**TASK BRIEF**. Return the lines below that carry the word "Silk".

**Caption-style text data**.

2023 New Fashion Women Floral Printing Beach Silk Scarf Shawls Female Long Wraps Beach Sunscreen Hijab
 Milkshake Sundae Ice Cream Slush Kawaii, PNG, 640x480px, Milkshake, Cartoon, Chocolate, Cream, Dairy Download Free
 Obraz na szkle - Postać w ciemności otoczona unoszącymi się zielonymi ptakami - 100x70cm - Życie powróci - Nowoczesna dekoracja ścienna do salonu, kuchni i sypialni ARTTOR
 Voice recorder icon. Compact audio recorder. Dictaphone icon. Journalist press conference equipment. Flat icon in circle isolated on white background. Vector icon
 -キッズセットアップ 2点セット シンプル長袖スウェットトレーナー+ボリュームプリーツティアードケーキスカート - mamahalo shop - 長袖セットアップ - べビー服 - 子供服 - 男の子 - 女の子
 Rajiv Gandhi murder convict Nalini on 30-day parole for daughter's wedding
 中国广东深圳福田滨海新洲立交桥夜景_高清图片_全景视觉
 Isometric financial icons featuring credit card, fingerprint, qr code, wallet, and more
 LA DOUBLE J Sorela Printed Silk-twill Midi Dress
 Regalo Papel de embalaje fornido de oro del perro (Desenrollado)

**ANSWER SPACE**.
2023 New Fashion Women Floral Printing Beach Silk Scarf Shawls Female Long Wraps Beach Sunscreen Hijab
 LA DOUBLE J Sorela Printed Silk-twill Midi Dress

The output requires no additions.